A customer messages me saying this last statement is not true, as their company
is receiving only canned responses, and no specifics, despite questions. I
respond to the company, highlighting customers’ report that they have no direct
communications, despite being paying customers:

Gergely Orosz @GergelyOrosz
@Atlassian “We’re communicating directly with each customer.” And yet a customer
impacted tells me: “Our bill is close to $10k/month and I doubt we are a big
enough customer to care about. They certainly haven’t shown us that we matter.
There have been zero personalized communications.”

April 13th 2022

72 Likes

In response is the first time that an executive acknowledges the issues from
Atlassian. Replying to me, Atlassian CTO Sri Viswanath shares a statement the
company publishes at that time, and which statement starts with an apology
impacted customers have been waiting for:

> “Let me start by saying that this incident and our response time are not up to
> our standard, and I apologize on behalf of Atlassian.”

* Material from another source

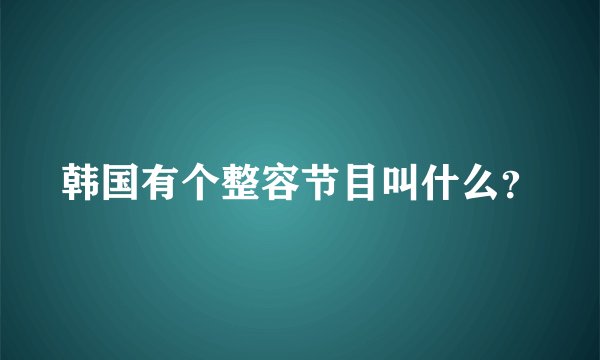 韩国有个整容节目叫什么？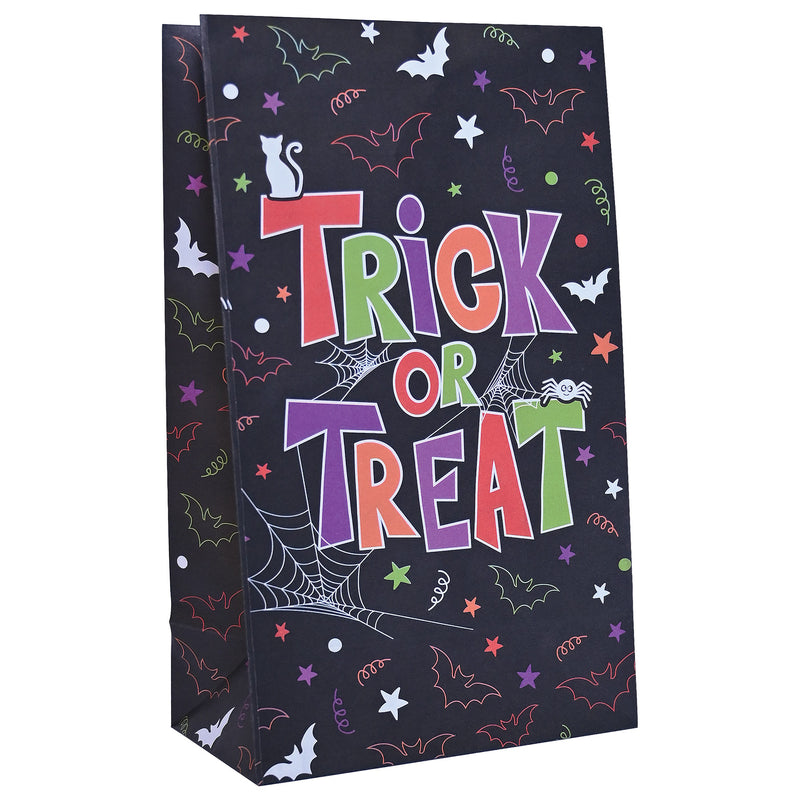 Halloween Paper Treat Bags w/Stickers – 8½" x 5" x 2¾" – (12/Pkg) by Beistle for Halloween Treat/Favor Bags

Head of Engineering Stephen Deasy publishes a Q&A on the active incident in the
Atlassian Community.


THE CAUSE OF THE OUTAGE

For the past week, everyone has been guessing about the cause of the outage. The
most common suspicion coming from several sources like The Stack was how the
legacy Insight Plug-In plugin was being retired. A script was supposed to delete
all customer data from this plugin but accidentally deleted all customer data
for anyone using this plugin. Up Day 9, Atlassian would neither confirm, nor
deny these speculations.

On Day 9, Atlassian confirmed that this was, indeed, the main cause in their
official update. From this report:

> “The script we used provided both the "mark for deletion" capability used in
> normal day-to-day operations (where recoverability is desirable), and the
> "permanently delete" capability that is required to permanently remove data
> when required for compliance reasons. The script was executed with the wrong
> execution mode and the wrong list of IDs. The result was that sites for
> approximately 400 customers were improperly deleted.”

So why is the backup taking weeks? On their “How Atlassian Does Resilience” page
Atlassian confirms they can restore data deleted in a matter of hours:

> “Atlassian tests backups for restoration on a quarterly basis, with any issues
> identified from these tests raised as Jira tickets to ensure that any issues
> are tracked until remedied.”

There is a problem, though:

 * Atlassian can, indeed, restore all data to a checkpoint in a matter of hours.

 * However, if they did this, while the impacted ~400 companies would get back
   all their data, everyone else would lose all data committed since that point

 * So now each customer’s data needs to be selectively restored. Atlassian has
   no tools to do this in bulk.

They also confirm this is the root of the problem in the update:

> “What we have not (yet) automated is restoring a large subset of customers
> into our existing (and currently in use) environment without affecting any of
> our other customers.”

For the first several days of the outage, they restored customer data with
manual steps. They are now automating this process. However, even with the
automation, restoration is small, and can only be done in small batches:

“Currently, we are restoring customers in batches of up to 60 tenants at a time.
End-to-end, it takes between 4 and 5 elapsed days to hand a site back to a
customer. Our teams have now developed the capability to run multiple batches in
parallel, which has helped to reduce our overall restore time.”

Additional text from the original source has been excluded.